Batsheva dancers: the familiar, with an Israeli flavor

The Batsheva Dance Company is from Israel and appears in the United States rarely, yet the repertory it brought to New York and Washington, where it performs until Christmas, will strike familiar chords to dancegoers here. That's because the Batsheva, like many moderndance troupes from abroad, finds an eclectic, internationally based repertory the most effective way of presenting an art form still new to its audience.

The familiarity of the Batsheva choreographers also reflects a special relationship between the dance worlds of Israel and the US. There has always been a steady exchange of artists, ranging from Martha Graham on down. The Batsheva's current repertory includes works by two Israelis who have made names for themselves here: Ohad Naharin, whose work will next be seen at New York's Dance Theater Workshop Jan. 19-21, and Ze'eva Cohen, who is a regular on the university touring circuit.

For all the familiarity of the Batsheva roster, however, there is something distinctly Israeli about the repertory. Perhaps mirroring the political turmoil of the Middle East, several of the dances deal with upheaval -- except that it's explored on a psychological level.

Naharin's "Inostress" charts the disintegration of a community. It begins in a spirit of team play, when suddenly the teammates become strangers to one another. Alienation sets in; the old rules of the game have lost their charm. When the movements of the dancers, now segregated by sex, grow slightly bestial, you know that despair is upon them. The more disillusioned they become, the more literal their gestures. The final motif is of a man blowing about in the wind with his finger pointed to his temple.

The there's Siki Kol's dance. The title of this one tells all. "Turmoil" shows a woman trying to recapture equilibrium while beset by spectral figures who become increasingly hostile. Finally, she finds comfort in the arms of a man whose identity the choreographer cleverly shades with ambiguity. He could be Death.

Robert Cohan, artistic director of the London Contemporary Dance Theatre, which will visit the US next spring, is represented by a dance also depicting conflict. Ironically, "Common Prayer" is both the most martial and reconciliatory of the dances. An ancient, sagelike figure -- or so one intuits from the white chalky dust emanating from his body -- woos the warriors into laying down their arms.

Another irony of the dance is that even though Cohan is heavily influenced by the most psychologically oriented of choreographers, Martha Graham, "Common Prayer" is the least internal of the Batsheva repertory. The dancers stomp around for macho effect, which makes the dance less sincere than the others.
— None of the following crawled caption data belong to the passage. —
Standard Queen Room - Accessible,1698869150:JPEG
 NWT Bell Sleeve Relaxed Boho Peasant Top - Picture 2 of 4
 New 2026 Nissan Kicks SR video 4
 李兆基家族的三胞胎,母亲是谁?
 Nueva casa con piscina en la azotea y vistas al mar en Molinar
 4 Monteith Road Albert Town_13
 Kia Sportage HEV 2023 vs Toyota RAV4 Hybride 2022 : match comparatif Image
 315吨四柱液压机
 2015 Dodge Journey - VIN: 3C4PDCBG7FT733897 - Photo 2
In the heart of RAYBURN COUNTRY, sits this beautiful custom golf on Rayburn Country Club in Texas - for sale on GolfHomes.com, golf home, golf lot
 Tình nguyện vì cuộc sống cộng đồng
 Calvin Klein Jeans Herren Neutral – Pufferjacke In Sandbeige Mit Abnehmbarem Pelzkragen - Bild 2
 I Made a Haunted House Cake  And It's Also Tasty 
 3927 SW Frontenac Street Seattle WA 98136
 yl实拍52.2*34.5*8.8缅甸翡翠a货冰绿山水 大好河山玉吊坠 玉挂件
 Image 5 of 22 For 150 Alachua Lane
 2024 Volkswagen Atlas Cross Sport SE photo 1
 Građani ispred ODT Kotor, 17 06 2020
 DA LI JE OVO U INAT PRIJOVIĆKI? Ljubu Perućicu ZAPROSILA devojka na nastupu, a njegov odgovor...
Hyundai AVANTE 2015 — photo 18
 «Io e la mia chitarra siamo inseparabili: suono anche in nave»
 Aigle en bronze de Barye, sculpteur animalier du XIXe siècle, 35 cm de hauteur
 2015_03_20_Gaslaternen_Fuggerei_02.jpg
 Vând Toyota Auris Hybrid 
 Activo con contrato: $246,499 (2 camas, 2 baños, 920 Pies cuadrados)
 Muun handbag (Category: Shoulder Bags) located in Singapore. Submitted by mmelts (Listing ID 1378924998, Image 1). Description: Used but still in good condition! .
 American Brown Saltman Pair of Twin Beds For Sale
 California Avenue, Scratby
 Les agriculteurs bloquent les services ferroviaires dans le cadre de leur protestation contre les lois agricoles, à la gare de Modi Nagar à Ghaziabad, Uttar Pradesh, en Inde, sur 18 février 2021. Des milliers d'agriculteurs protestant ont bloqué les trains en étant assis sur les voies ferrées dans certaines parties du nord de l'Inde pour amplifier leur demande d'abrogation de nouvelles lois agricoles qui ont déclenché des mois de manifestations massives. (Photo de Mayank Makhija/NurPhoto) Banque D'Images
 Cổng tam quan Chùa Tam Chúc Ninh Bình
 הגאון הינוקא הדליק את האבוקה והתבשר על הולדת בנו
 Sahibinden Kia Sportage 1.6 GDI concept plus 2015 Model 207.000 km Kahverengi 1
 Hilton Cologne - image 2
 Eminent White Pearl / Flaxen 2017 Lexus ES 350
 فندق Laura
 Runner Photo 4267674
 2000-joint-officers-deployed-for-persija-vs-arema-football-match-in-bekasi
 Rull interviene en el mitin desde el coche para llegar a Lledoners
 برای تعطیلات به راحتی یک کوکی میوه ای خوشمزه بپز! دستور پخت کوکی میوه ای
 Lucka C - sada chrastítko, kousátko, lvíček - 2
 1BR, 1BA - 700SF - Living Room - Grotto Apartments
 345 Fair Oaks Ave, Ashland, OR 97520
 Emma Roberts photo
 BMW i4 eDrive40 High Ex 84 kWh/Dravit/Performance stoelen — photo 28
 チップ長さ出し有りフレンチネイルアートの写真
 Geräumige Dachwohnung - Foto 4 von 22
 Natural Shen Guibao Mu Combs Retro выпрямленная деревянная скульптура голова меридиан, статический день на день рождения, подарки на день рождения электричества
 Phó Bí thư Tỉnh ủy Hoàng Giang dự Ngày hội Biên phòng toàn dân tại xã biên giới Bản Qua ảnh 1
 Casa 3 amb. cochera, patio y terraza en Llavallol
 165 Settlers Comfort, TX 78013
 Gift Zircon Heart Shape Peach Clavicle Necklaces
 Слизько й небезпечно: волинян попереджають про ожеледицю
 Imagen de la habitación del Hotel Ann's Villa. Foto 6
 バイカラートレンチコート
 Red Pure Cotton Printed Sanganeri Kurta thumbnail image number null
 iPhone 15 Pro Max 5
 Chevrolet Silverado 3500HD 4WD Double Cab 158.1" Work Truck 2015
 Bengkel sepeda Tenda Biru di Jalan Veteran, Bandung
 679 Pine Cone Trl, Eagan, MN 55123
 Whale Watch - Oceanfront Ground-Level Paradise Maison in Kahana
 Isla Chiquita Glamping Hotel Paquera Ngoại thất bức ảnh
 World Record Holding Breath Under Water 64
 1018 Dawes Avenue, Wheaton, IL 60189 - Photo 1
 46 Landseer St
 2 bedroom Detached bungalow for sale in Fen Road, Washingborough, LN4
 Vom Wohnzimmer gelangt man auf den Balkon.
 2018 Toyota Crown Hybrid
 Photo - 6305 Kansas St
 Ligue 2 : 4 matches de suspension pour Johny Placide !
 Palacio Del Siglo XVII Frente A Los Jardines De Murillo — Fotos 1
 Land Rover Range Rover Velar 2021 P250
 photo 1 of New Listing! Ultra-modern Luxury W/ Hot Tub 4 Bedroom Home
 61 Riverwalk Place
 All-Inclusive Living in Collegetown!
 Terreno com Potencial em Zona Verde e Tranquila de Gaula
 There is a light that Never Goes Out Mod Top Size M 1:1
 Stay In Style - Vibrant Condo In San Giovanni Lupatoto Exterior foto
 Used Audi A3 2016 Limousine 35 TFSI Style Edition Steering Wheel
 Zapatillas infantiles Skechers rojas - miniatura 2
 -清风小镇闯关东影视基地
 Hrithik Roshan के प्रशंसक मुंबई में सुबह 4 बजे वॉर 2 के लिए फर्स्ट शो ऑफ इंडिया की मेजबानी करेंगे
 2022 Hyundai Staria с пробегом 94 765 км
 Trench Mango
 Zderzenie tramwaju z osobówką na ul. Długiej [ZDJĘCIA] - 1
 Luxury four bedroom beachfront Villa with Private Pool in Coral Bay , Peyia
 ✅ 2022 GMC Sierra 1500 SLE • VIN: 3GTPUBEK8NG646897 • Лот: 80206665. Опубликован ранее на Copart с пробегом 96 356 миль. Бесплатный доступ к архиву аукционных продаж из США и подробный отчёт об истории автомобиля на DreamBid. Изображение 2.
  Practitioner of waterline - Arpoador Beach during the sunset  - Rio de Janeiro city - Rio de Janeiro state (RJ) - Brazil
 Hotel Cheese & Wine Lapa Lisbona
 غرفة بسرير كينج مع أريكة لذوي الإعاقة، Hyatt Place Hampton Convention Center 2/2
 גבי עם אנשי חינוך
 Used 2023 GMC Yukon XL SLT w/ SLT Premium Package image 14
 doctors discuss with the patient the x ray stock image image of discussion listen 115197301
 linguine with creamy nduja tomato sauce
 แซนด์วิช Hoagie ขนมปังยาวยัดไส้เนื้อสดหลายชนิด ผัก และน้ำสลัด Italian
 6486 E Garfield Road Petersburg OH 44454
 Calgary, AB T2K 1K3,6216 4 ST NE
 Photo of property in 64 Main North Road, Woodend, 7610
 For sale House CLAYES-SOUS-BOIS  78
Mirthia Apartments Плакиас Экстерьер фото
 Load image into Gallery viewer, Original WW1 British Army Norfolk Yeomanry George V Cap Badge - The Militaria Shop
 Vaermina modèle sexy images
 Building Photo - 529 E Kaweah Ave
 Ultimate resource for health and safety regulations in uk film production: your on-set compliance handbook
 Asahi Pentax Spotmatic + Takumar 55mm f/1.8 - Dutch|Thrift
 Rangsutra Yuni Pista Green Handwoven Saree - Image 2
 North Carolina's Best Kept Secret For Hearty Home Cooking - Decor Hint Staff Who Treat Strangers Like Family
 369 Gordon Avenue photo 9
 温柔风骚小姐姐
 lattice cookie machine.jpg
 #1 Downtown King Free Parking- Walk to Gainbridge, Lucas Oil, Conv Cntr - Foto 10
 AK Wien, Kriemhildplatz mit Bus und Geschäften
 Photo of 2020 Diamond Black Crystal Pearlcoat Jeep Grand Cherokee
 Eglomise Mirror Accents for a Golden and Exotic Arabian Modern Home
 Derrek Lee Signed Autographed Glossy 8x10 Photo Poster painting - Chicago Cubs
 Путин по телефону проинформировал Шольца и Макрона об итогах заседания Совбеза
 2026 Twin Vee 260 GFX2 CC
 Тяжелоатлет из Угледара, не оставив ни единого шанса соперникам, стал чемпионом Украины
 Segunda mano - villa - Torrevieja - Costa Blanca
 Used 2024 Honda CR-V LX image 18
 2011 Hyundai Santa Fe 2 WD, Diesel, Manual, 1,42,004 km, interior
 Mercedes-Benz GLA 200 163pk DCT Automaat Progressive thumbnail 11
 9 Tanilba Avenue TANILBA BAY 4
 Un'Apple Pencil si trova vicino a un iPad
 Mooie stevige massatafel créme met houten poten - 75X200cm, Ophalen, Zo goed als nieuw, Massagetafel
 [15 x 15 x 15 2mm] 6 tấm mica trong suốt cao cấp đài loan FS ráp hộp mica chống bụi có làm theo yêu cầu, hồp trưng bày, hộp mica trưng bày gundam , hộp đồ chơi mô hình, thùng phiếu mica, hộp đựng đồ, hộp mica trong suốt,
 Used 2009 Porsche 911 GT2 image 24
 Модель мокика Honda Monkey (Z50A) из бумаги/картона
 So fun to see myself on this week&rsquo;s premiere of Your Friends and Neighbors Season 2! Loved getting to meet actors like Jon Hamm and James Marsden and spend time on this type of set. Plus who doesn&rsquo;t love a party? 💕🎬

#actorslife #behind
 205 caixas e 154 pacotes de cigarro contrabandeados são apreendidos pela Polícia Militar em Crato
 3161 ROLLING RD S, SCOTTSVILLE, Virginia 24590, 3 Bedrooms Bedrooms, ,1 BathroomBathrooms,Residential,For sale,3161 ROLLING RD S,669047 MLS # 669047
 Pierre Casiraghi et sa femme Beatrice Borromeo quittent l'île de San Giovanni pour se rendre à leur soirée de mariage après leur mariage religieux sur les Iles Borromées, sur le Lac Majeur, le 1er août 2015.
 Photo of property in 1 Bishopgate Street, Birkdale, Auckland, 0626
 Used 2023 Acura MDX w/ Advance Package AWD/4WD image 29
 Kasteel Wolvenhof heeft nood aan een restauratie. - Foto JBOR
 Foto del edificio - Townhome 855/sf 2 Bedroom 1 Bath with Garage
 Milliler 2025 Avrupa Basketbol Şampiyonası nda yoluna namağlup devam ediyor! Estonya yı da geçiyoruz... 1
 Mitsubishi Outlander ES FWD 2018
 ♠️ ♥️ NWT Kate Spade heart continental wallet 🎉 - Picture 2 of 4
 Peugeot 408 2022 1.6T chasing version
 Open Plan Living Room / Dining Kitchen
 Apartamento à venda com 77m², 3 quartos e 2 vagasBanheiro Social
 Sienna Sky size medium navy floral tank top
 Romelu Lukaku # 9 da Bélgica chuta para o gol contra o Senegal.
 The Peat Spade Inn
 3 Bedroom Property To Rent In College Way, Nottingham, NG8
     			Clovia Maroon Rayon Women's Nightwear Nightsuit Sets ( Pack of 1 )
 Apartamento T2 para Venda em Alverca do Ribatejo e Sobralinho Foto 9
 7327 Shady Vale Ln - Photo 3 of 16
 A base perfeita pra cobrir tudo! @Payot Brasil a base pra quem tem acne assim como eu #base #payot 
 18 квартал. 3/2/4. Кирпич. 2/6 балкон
Sincerity is the chief virtue of the repertory, and of the dancers, too. Yet the piece that makes the strongest impression does it not through sincerity, but through its powers of imagination. Ze'eva Cohen's "Wilderness, Swamps, and Forest" is a nature piece with a difference. While paying due respect to the undulating, tranquil qualities of wilderness environments, the dancers keep jumping out of their mold to strike jaunty, angular poses. Cohen's dance has a twinkle in its eye, and that's what makes it good.